Political Fiddling Whilst Global Temperatures Rise

The parliamentary machinations at Westminster will become the subject of forthcoming books and probably a movie or two in due course - such is the colourful cast of characters filling media airwaves over the past months (if not years). Tempted as I am to add my own six pennyworth of comments from the seaside on current events in Parliament - the overwhelming sense of national disquiet and barely contained widespread public anger on the Brexit saga causes me to hold off such ruminations.

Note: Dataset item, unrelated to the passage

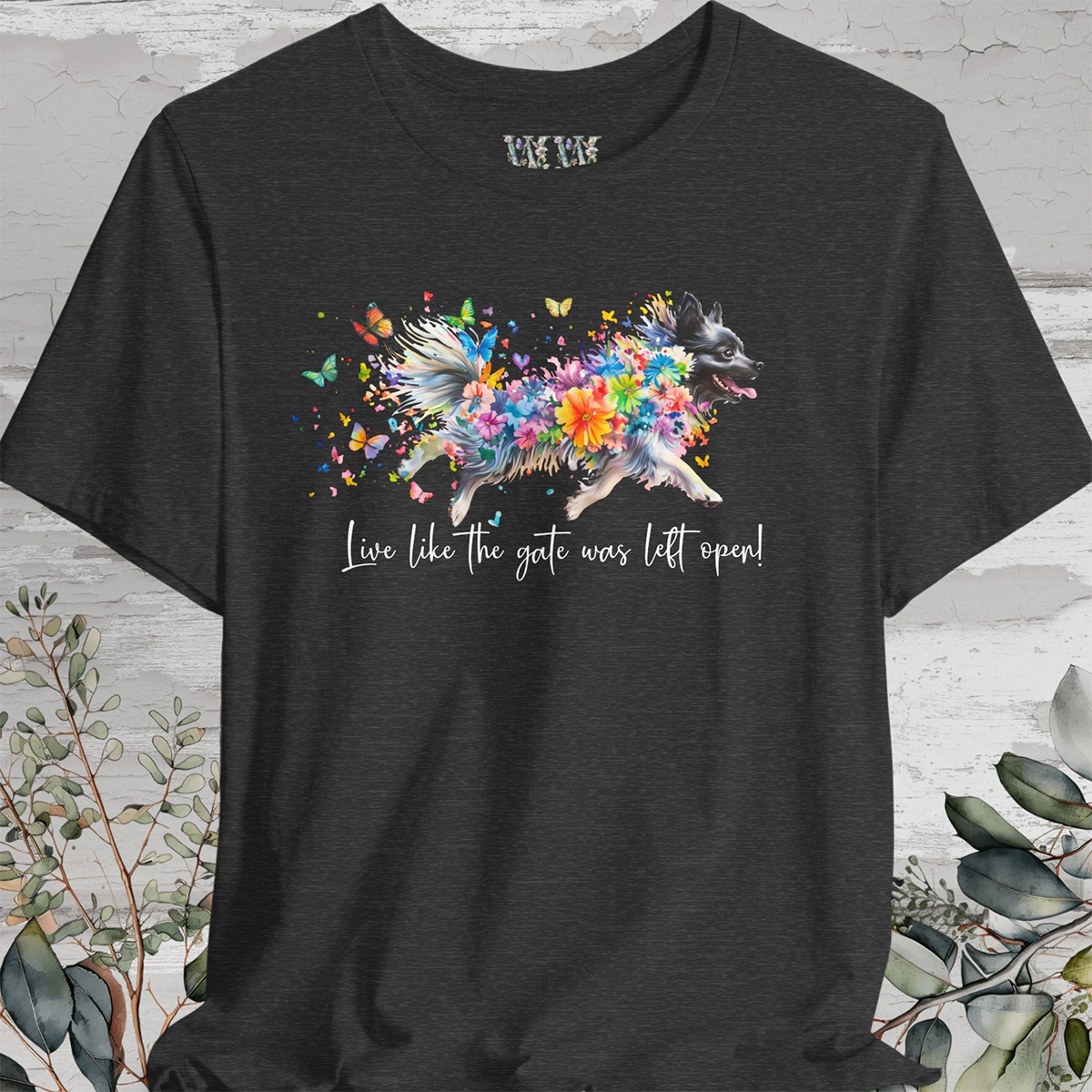 Keeshond #1 "Live like the gate was left open" Unisex T shirt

Far more pertinent to matters on the Fylde coast are warnings and prediction of sea level rises caused by melting icecaps to a level which in time will overwhelm coastal areas around the British Isles (and far beyond). Flat and low lying land masses being most susceptible to the now seemingly unstoppable.global warming The Netherlands (formerly known as 'the Low Countries' - for good reason - becoming eminently uninhabitable despite the best efforts of engineers and that nation's land reclamation facing the north sea.


Seemingly likewise England's eastern coastline, particularly around East Anglia, is set to face the same inexorable consequences of global warming. Flood forecast maps for the UK show that the northwest is not immune to the same trends, with Blackpool and the entire Fylde coastline succumbing to far higher sea levels than have ever gone before. Such threatening flooding levels are thankfully decades further on; but forecasting now at least offers due warning of what is to come.


Unlike earlier breaches of the Fylde's northern coastline when Fleetwood itself was inundated (and the tramroad tracks entirely submerged and swept away) - the future prognosis is sustained flooding will lead to whole areas irrecoverably lost to human habitation. Whilst political life is seemingly dominated by the solitary issue of the UK's Membership of the European Union - with a never ending saga played out nightly in the media - the global warming 'agenda' is so high on any agenda of national priorities that it is in fact off the scale as far as UK coastal areas are concerned.


This makes all the more questionable the prevalence of continued housebuilding on the exposed flat lands of the Fylde itself from the Ribble estuary to Morecambe Bay. Local Authorities understandably lack the power and the punch to confront the dimension of global trends involving melting of glaciers, icesheets and trillions of tons of water adding year on year to ocean levels globally. Persuasive tactics of major companies in the house bullding sector - make it difficult for any local authority to withstand their incessant search for new fields to build over.


Of course Blackpool's solitary tram depot lying at the far extreme of the town's seafrontage will inevitably find itself inundated in due course - not to mention much of the actual running line along south promenade all the way to North Pier. Not tomorrow, nor the day after tomorrow but at some point in this century. Whether or not there was actually a more suitable alternative with a higher elevation is questionable given that the whole coastline around the Fylde will come under threat of sustained flooding from the sea - in the course of time. Westminster has little time to ponder these matters outside of select committees and environmental bodies emanating weighty reports. This will change with or without Brexit.